I hypothesize that the presence of star forming knots and structural features within UDG candidates are indicators of their physical distances and sizes. If true, these features can be used to differentiate UDGs from spurious sources that contaminate our survey. To test this hypothesis, I measured pixel variations within the half-light radius of diffuse, spatially-extended galaxies to discriminate likely UDG-candidates from spurious, foreground sources. Pixel variation are measured by applying a 1D-KDE on the distribution of pixel intensities from the residual image taken between the DECaLS/DES images of candidates and their GALFIT models. I used the mean squared error to quantify how much the KDE deviates from a zero-mean Gaussian to quantify the amount of structure is in the UDG candidate. I find that the MSE (and therefore the presence of structures & knots in UDG candidate) appear to scale linearly with redshift. We can use this result to select targets for the next observational run at the Large Binocular Telescope (LBT) in mid-January 2018.

1. Incorporate objects we detect in our pipeline that have known velocities from NED. This may fill in the void between cz=2000-6000 km/s range. (However, most known foreground objects appear to be around cz~500-1000 km/s, placing them near the 3 other non-UDG sources we observed.)
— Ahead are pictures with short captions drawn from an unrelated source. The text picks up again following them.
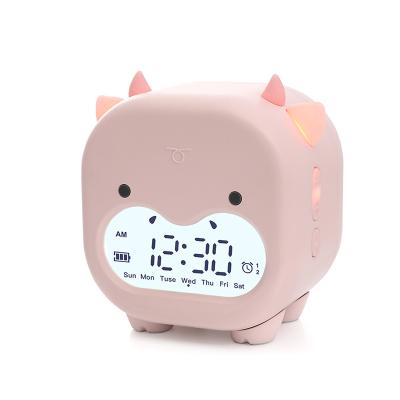 China Hot Selling Calendars Style Nordic Digital Alarm Clock Led Screen Lovely Cow Wake Up Alarm Clock for sale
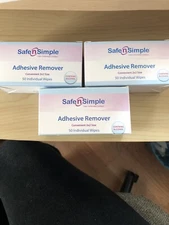 X3 Boxes Safe N Simple Adhesive Remover Wipes # SNS00650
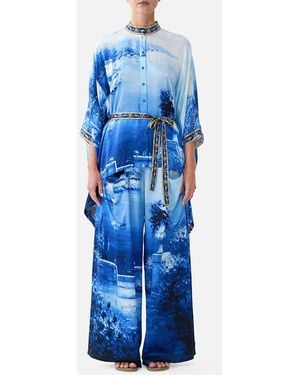 CAMILLA Button Through Scarf Blouse Sweet Sacré Bleu - Blue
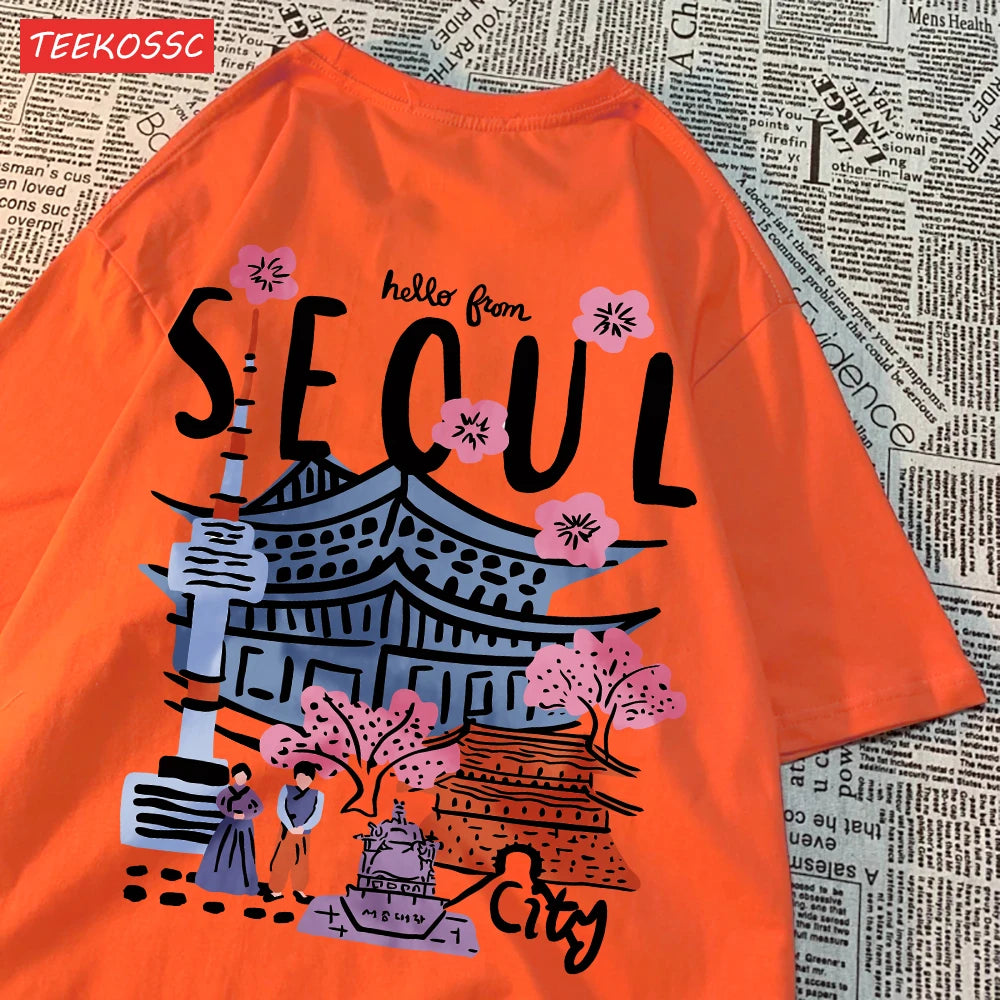Casual Cotton Womens T-Shirts Seoul Beautiful Scenery Printed Short Sleeve O-Neck Breathable Oversize Fashion Female Clothes
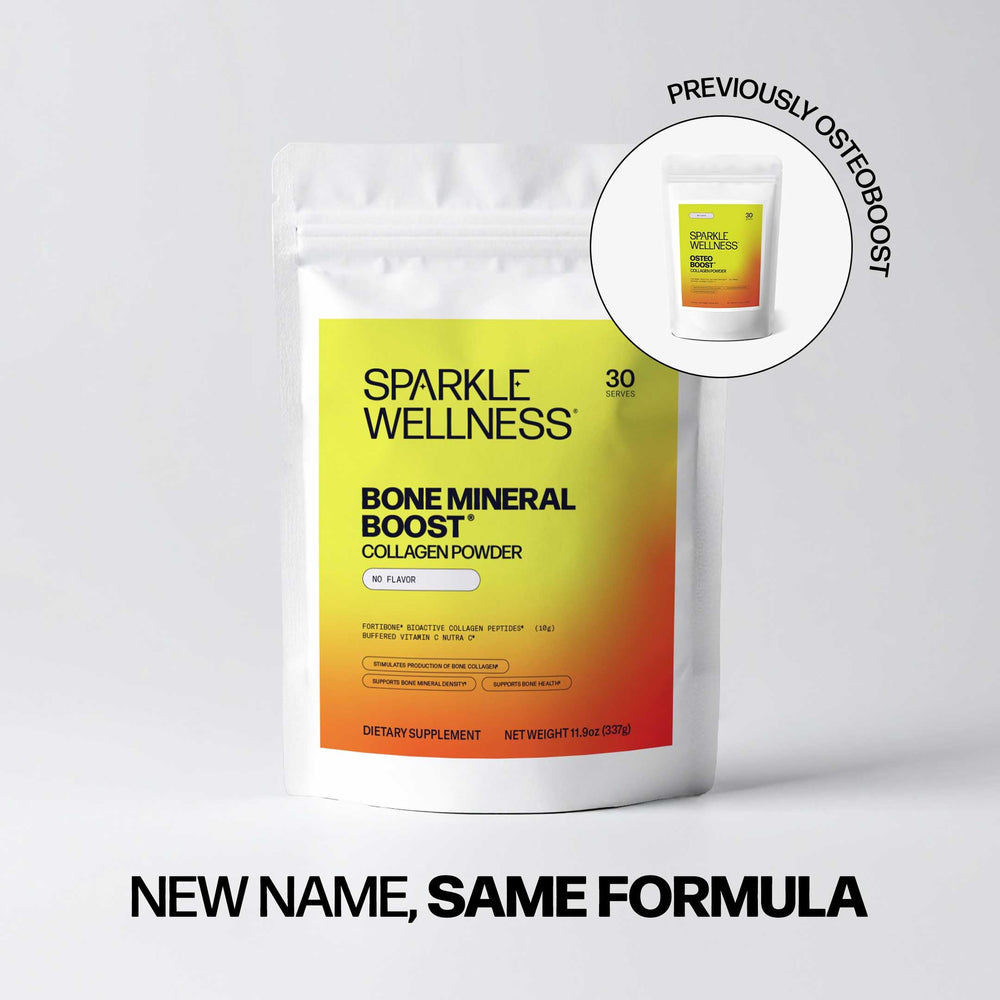 Sparkle Wellness Bone Mineral Boost orange-dissolve-glass showing a refreshing citrus drink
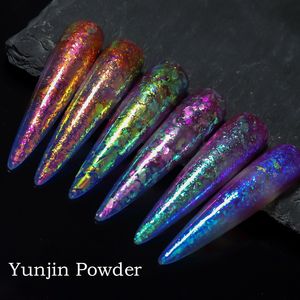 Paillettes Réfléchissantes Effet Cristal de Glace, Velours Neigeux, Paillettes Scintillantes, Acrylique Mélangé, Effet Aurore Irrégulier, Décoration Magique pour Manucure et Nail Art en Salon - Product Image 2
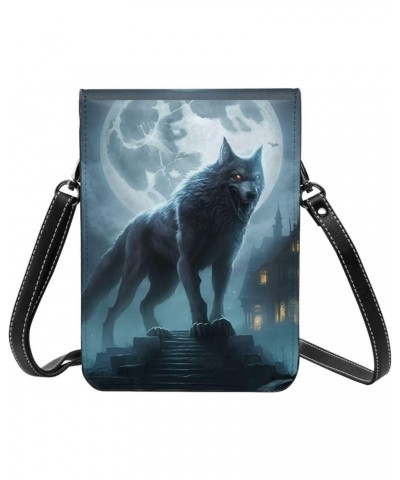 Full Moon Werewolf night Dark Leather Small Crossbody Bags for Women Cell Phone Bag Wallet Purses with Adjustable Strap $19.8...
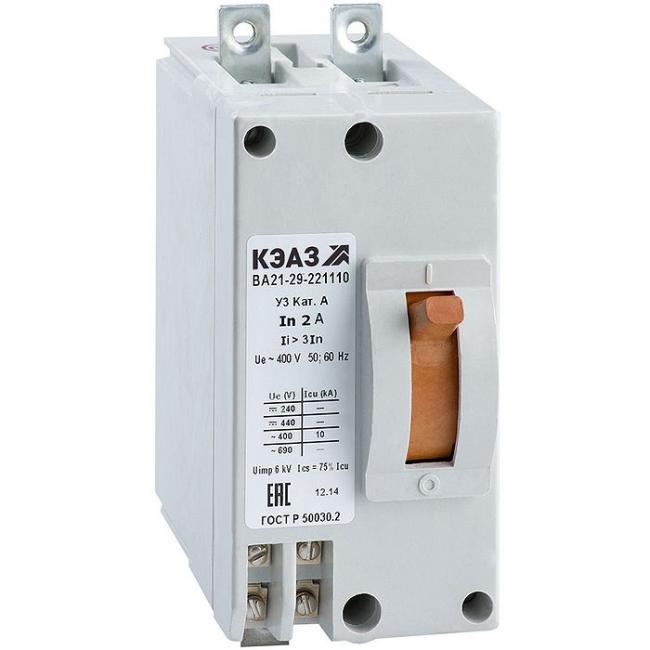 Силовой автомат КЭАЗ ВА21-29 63А, электромагнитный, 10кА, 2P, 20А, 101255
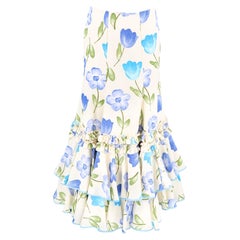 Late 1970s - 1980s Romantic Watercolor Floral Drop-Waist Tiered Crepe Maxi Skirt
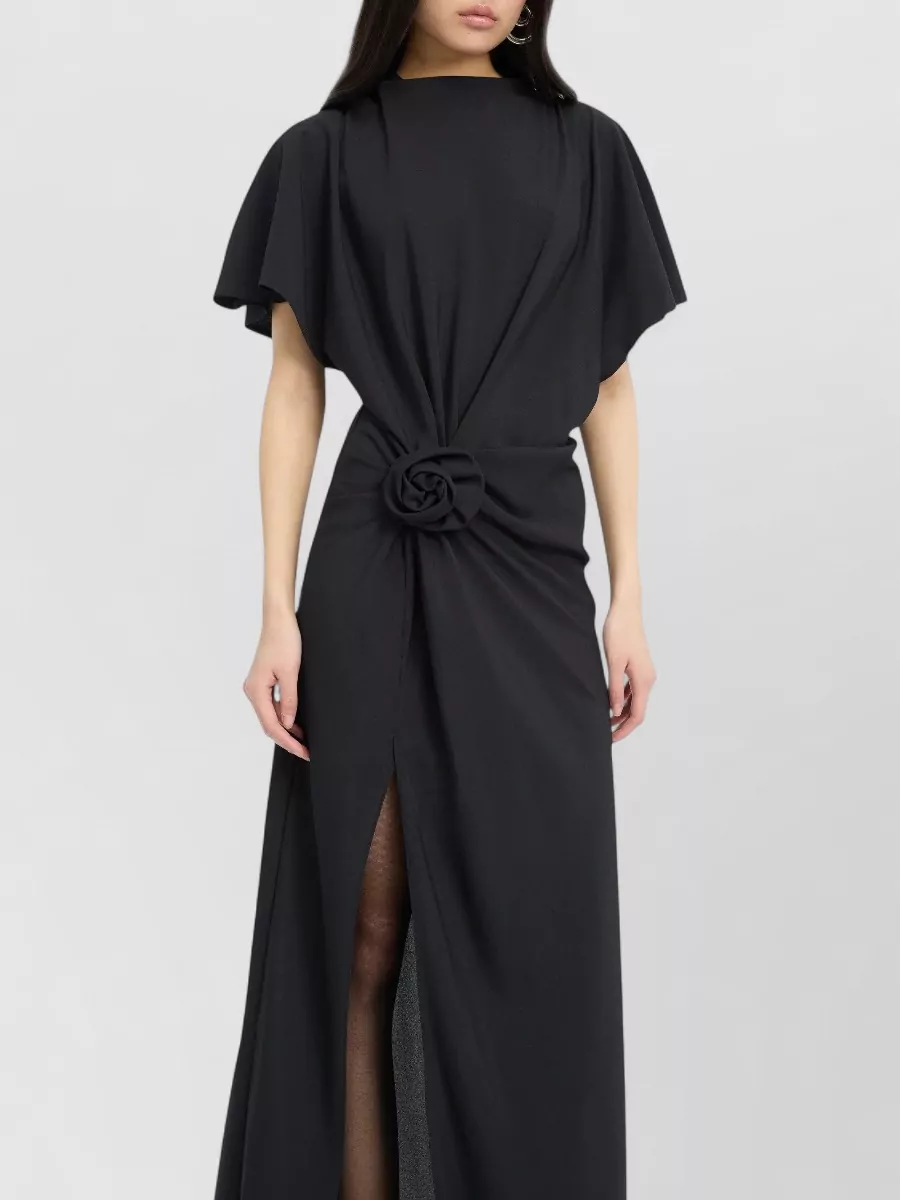 Rotate Polyester Draped Open Back Maxi Dress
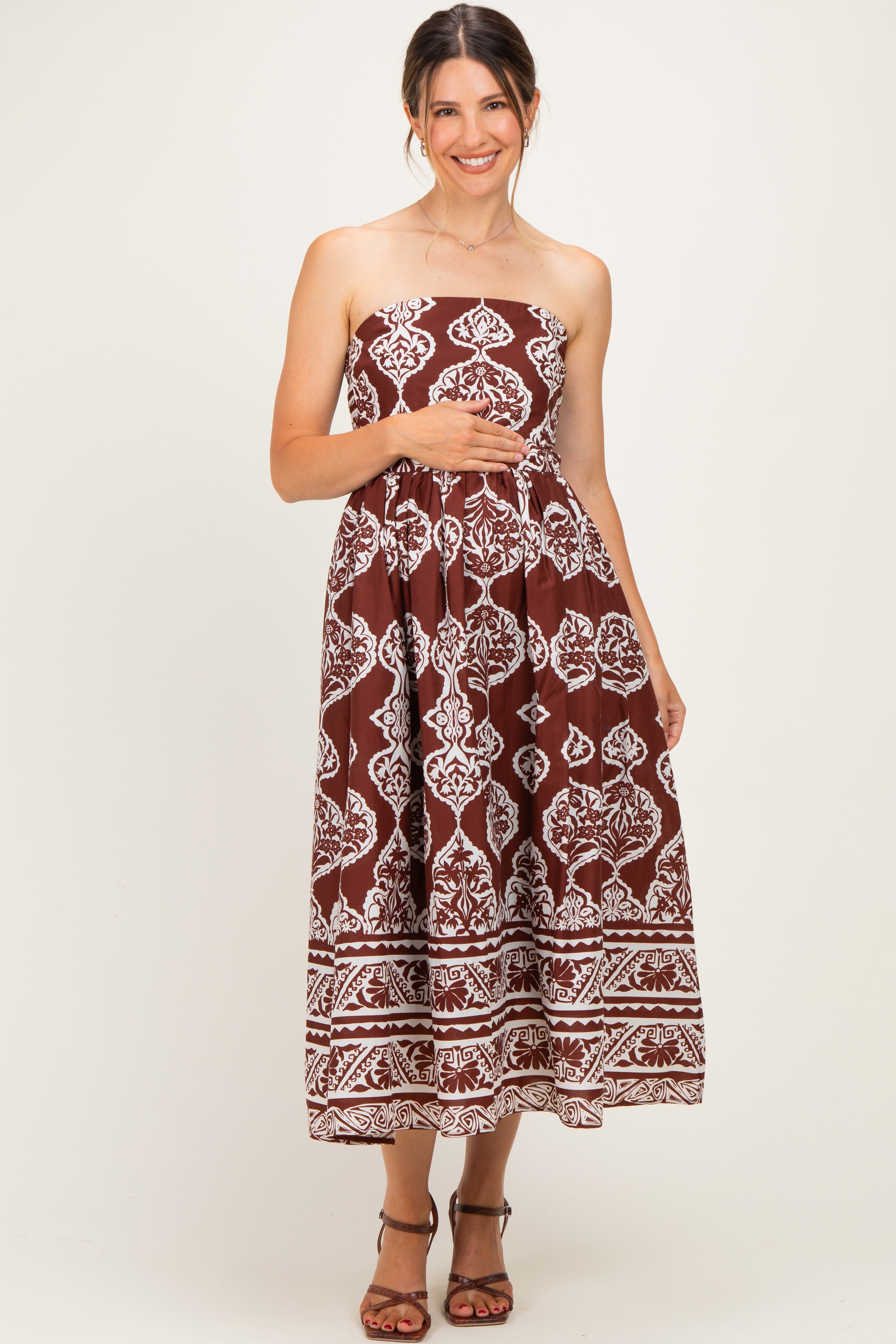 Chocolate Damask Strapless Maternity Midi Dress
2. Follow-up on the extreme outlier cases. Why are they outliers? (e.g. Foreground star overlaid on background UDG?) This may help reduce the variance in our result.
3. Determine ideal kernel and kernel bandwidth for every filter/band and calibrate MSE.
4. Compute pixel variation MSE for all candidate targets for the LBT 2018a observational run. Determine optimal targets & create MODS observing scripts.

1. Apply SVMs to determine MSE cut per band.
2. Update results with LBT 2018A targets.
3. Check PU0838589 and see why we didn't get redshift.